Photo: Musée national
De la polka, passons à la valse, danse de société très appréciée notamment dans les milieux nobles et bourgeois du XIXe siècle. Son nom vient de l'allemand Walzer qui signifie tourner en cercle. Selon Eva Paulová, la valse s'est développée en opposition aux danses de cour dansées en Autriche, telles que le menuet, qui étaient très formelles sous l'influence de la cour de Versailles. Ainsi, il y avait une grande différence entre ces danses de cour rigides dansées en ligne et la valse à trois temps dansée en couple fermé en rotation :

« Les premiers compositeurs de valses célèbres étaient liés aux débuts mêmes de la musique classique romantique : Carl Maria von Weber, avec son Rondo brillant dit Invitation à la valse, Ludwig van Beethoven et Franz Schubert. Tous ces compositeurs ont débuté avec des valses. La différence entre la valse et ses précurseurs est documentée par Mozart qui se souvient que des Praguois avaient dansé sur les mélodies des Noces de Figaro. De même, la mise en scène d'Una Cosa rara citée par Mozart dans la scène finale de Don Giovanni témoigne du fait que la valse a été dansée pour la première fois dans un opéra, sur une scène de théâtre. »

Photo: Musée national
La valse a longtemps été considérée comme inconvenante parce qu’elle se dansait en « couple fermé », l'homme faisant face à la femme, et non pas côte à côte comme dans le menuet par exemple. Pour cette raison, de nombreux édits interdisaient la valse qualifiée d'immorale. En dépit de cela, la polka et la valse ont acquis une grande popularité en pays tchèques :

« On peut dire que les deux danses, la polka ainsi que la valse, sont nées en pays tchèques. Quant à la valse, ses origines se situent à la fin du XVIIIe siècle dans les régions de Bohême du sud-ouest, de Bavière et d'Autriche occidentale. Les deux danses sont une réaction de la bourgeoisie naissante aux danses de cour rigides, artificielles et dansées en rang, typiques pour le XVIIIe siècle. La valse en tant que danse de salon a été définitivement codifiée à l'époque de la première République tchécoslovaque, entre 1920 et 1930, en Angleterre. »

Photo: Musée national
Considérées au départ comme danses populaires, la valse ainsi que la polka apparaissent dans les symphonies, le ballet, l'opéra et l'opérette. Parmi les compositeurs de valses les plus célèbres, l'exposition évoque notamment Frédéric Chopin, Johann Strauss père et fils, et Antonín Dvořák, auteur des Valses praguoises.

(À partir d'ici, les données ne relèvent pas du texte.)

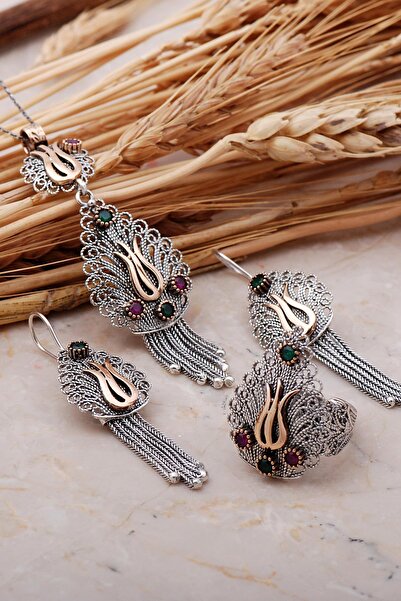 Sümer Telkari Laleli Püsküllü Telkari Elişi Gümüş Set 2363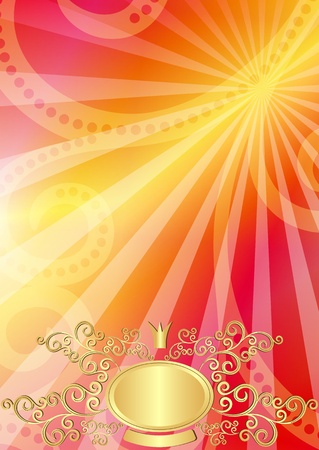 Colorful business card with translucent rays and gold vintage frame (vector EPS 10)のイラスト素材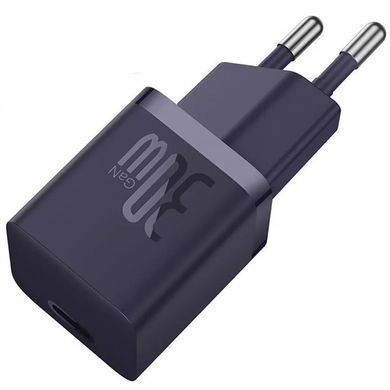 СЗУ Baseus GaN5 Fast Charger mini PD30W (1USB-C) + кабель Type-C to Type-C (P10110902) Midnight Purple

La danse est une activité très populaire au XIXe siècle. Hélas, elle ne peut être pratiquée que pendant une courte période de l'année. Conformément aux conventions établies par l'Eglise, on danse dans des périodes de l'année strictement définies et la majorité des bals ont lieu pendant la période du Carême, uniquement. Au XIXe siècle, les bals sont aussi un événement de société de première importance, comme le souligne Eva Paulová :

Photo: Musée national
« L'exposition ne peut pas faire l’impasse sur l'importance des bals, de la valse et de la polka pour le Réveil national tchèque. Ainsi elle évoque les premiers bals patriotiques organisés au XIXe siècle sur l'île Žofín à Prague, ainsi que les premiers bals slaves à Vienne. Ces événements sont à la fois une manifestation du patriotisme tchèque dont l'expression est le port de costume national. »

Dans le courant du long XIXe siècle, les premières écoles de danses ouvrent à Prague : l'Ecole royale tchèque de Karel Link et l'école du maître de danse Richard Kaska. Cette dernière s'installe dans les locaux de Měšťanská beseda, centre politico-culturel de la bourgeoise praguoise fondé en 1845 à deux pas du Musée de la musique dans lequel nous vous avons invité, aujourd'hui.